The Illusory Adventures of a Dreamer at FringeNYC
An Interview with Michael Bradley
Indie Theater Now asked Michael Bradley a few questions about his play The Illusory Adventures of a Dreamer.
How do you like to develop new plays? For example: do you like to have lots of readings and workshops to hear/see the play as it evolves? Or do you let the characters guide you and then put a more-or-less finished product up on its feet?
I am very much a character-driven writer. Situations or stories may be the start of my inspiration but characters are really what shape my plays. When I get an idea for a play, I start writing, usually from the beginning. Or if I don’t have a beginning, I’ll write the scene that is inspiring me. I tend to not do a reading until I have a complete beginning, middle, and end. For me, it’s most helpful having a full production ready. In the world of self-producing, I’ll usually find a way to have at least one reading of my play. And then it will sit. Sit until I find the right venue or festival for it to find life.
How much time passed from your first thinking about the outline for this play and actually finishing the play and how was that time spent?

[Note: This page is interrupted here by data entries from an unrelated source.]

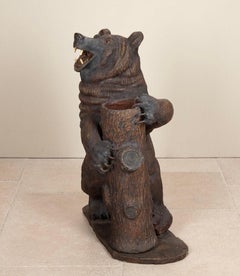 20th Century English Terracotta Bear Stick or Umbrella Stand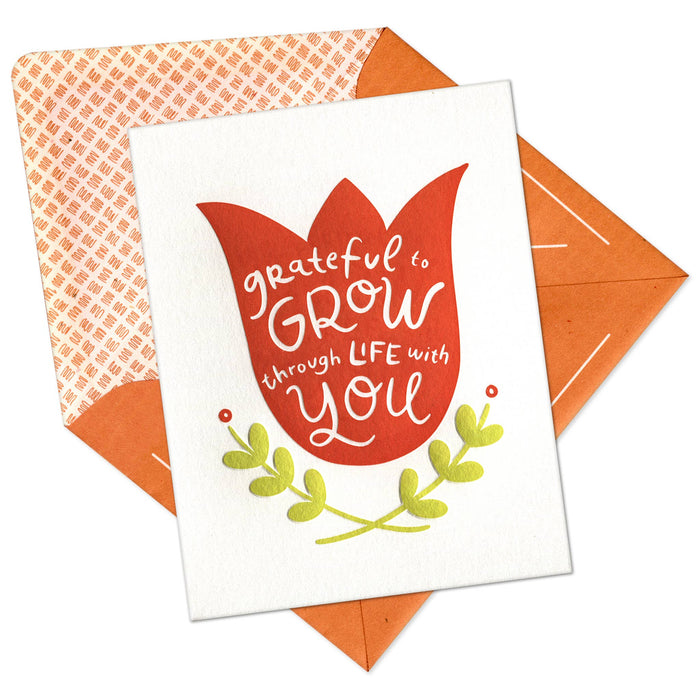Grateful to Grow Through Life With You Letterpress Card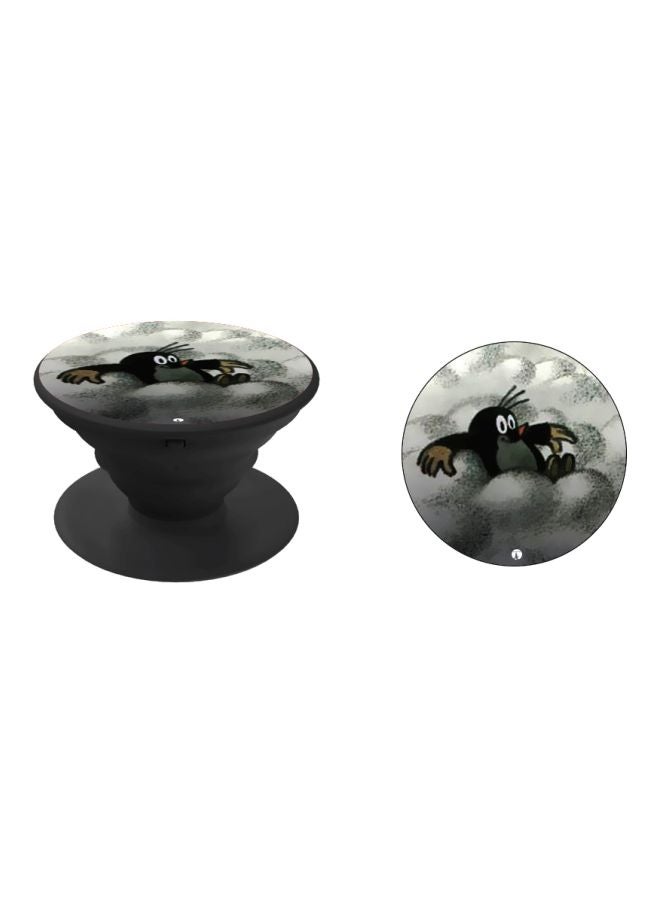 بي بي حامل هاتف على شكل مقبض أصابع منبثق بطبعة رسومات كرتونية رمادي / أبيض / أسود - Image 2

I started writing The Illusory Adventures of a Dreamer in 2012. I was reading Ibsen’s Peer Gynt and found my inspiration to write a story of a man on a journey for self-discovery in the modern age. At first, I wanted to make a true adaptation but as I continued on and created this Peer’s adventure, I began to stray. And that officially happens when Boyg is introduced. He’s a character that is only a voice in a very short scene in the original. I extended him to be a guide and guardian for my Peer. This play only took a couple of months to finish writing because I had a solid skeleton to work from. From that point, I had two drastically different readings in the summer of 2012 and the winter of 2013. After the last reading, I took a break from it. It was a very ambitious play and I knew that I could not do the play as a production until I had the right people and resources. When I was thinking of a play to submit to FringeNYC this year, I reexamined the script, knew the absolute perfect director for the project and material, and here we are!
Why is this a play (as opposed to a TV script, webseries, film, etc.?)
The Illusory Adventures of a Dreamer is inspired by a play and just has that play mentality. The magic, the mystery, the theatricality. It’s absolutely destined to be on stage! I’m sure a film version would be fun but the charm would be lost.
Do you self-produce or always work with a theater company you are familiar with or do you send your work out to numerous contests, festivals, etc. and how does this work out for you?
For the majority of my career, almost every play of mine that has seen a stage, has been self-produced. And I take great pride in that! I founded a theater company called Rhapsody Collective in 2012 where I bring a group of young artists (playwrights, directors, actors, dramaturgs) together to create work from the ground up. I select a theme and each team must create a play that lives in the world of the theme. I hope my experience with Fringe will allow me to get some new eyes that appreciate my work and are eager to help bring my work to life. I know my wallet will be greatly appreciative! Festivals fees are NOT cheap.
What current topic or issue just cries out to be made into a play?
The thrill of theater is that anything and anyone can be made into a play. It’s the approach that makes it worthy of the theatrical treatment. Personally, I would love to, and have plans to, create some sort of epic, technically-driven piece about social media, the evolution of modern technology, and how it has literally changed our lives, for better or worse. The “Like” generation.